Grâce à ces mesures, je suis persuadée que nous pouvons changer d’échelle en la matière et donner ainsi tout leur sens à nos valeurs républicaines de liberté, d’égalité et de fraternité, alors que la situation actuelle tend à exclure de l’emploi un trop grand nombre de personnes en situation de handicap : quelque 500 000 d’entre elles sont inscrites à Pôle emploi, alors que beaucoup peuvent, et souhaitent, travailler.

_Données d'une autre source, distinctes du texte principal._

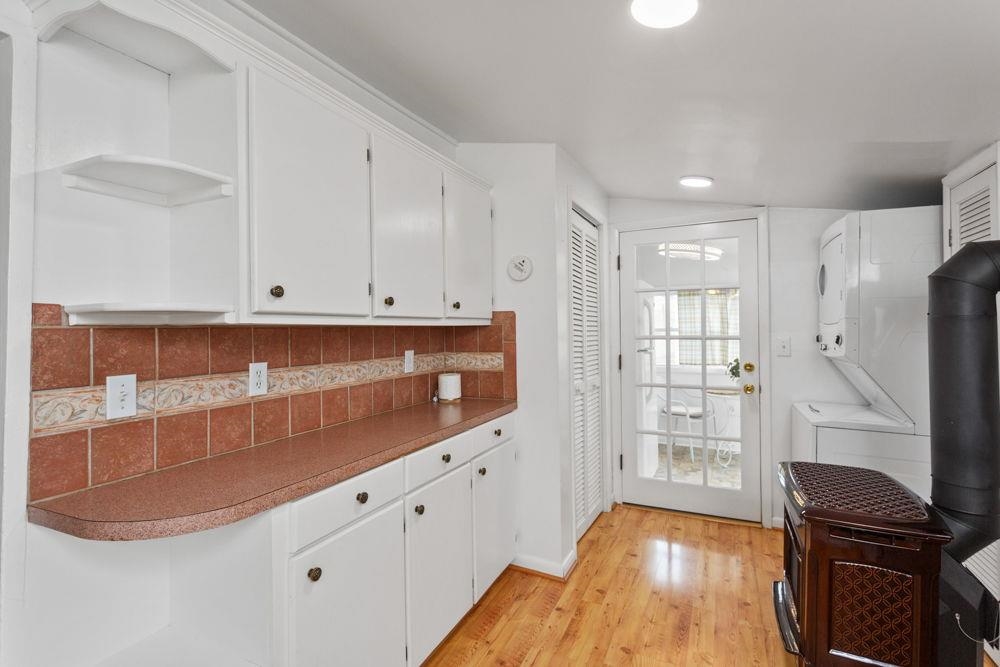 with lots of counter space.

C’est le sens des mesures qui ont été introduites dans le projet de loi. Elles résultent d’une concertation avec les partenaires sociaux et les associations, que nous avons menée avec ma collègue Sophie Cluzel, et s’appuient sur les missions conduites par votre collègue député Adrien Taquet et par Dominique Gillot, présidente du Conseil national consultatif des personnes handicapées, le CNDPH.
Toutefois, sans préjuger de la discussion sur les amendements à venir concernant les entreprises adaptées – sujet sur lequel nous souhaitons avancer fortement, avec le soutien de l’Union nationale des entreprises adaptées –, je ne puis que regretter que vous ayez préféré différer l’entrée en vigueur des dispositions résultant de la deuxième phase de concertation, en supprimant l’habilitation à légiférer par ordonnance sur le financement de l’insertion et du maintien dans l’emploi des travailleurs handicapés.

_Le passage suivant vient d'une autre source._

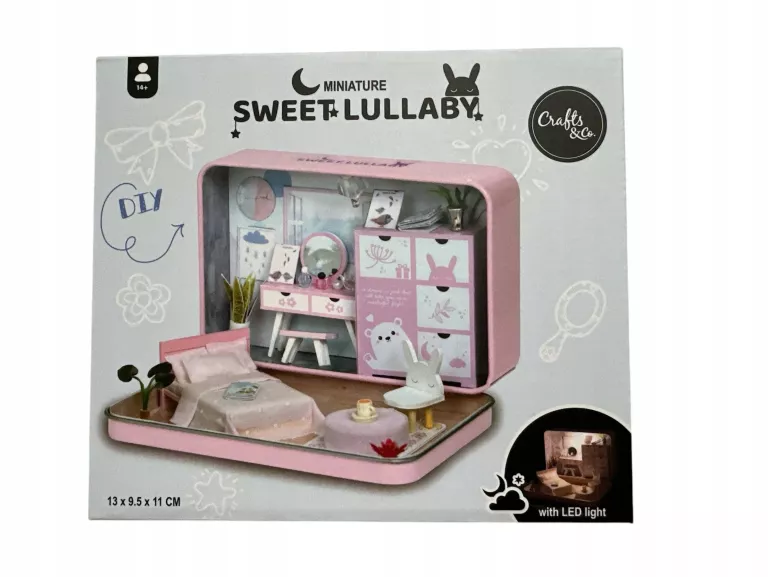 MINIATUROWA SKRZYNKA SAMODZIELNE SKŁADANIE SWEET LULABY SŁODKI POKÓJ LED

Le projet de loi traite de la question des droits ; les partenaires sociaux et le Gouvernement ont prévu d’aborder le sujet de l’offre dans un deuxième temps, et l’habilitation permet de ne pas différer la mise en œuvre des réponses qui seront apportées à ce problème. (M. Bruno Retailleau s’exclame.)

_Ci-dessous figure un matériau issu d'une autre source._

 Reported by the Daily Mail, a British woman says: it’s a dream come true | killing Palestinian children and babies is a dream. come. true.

Rétablir l’égalité des chances, c’est aussi agir efficacement et résolument en faveur de l’égalité professionnelle entre les femmes et les hommes.
Conformément à ce que le Gouvernement a annoncé dès le 7 mars dernier, le projet de loi comporte des avancées majeures, issues d’une concertation intense et constructive avec les partenaires sociaux, tant sur la lutte contre les violences sexistes et sexuelles au travail que sur l’égalité professionnelle. Ces mesures s’inscrivent dans l’engagement présidentiel de faire de l’égalité entre les femmes et les hommes la grande cause du quinquennat.
Notre but est simple : passer d’une obligation de moyens, qui depuis quarante-cinq ans ne produit pas les résultats escomptés, à une obligation de résultat quant à l’égalité salariale à travail de valeur égale.
S’agissant de la prévention du harcèlement, vous avez adopté des mesures de formation, de sensibilisation et de responsabilité pour l’ensemble des acteurs.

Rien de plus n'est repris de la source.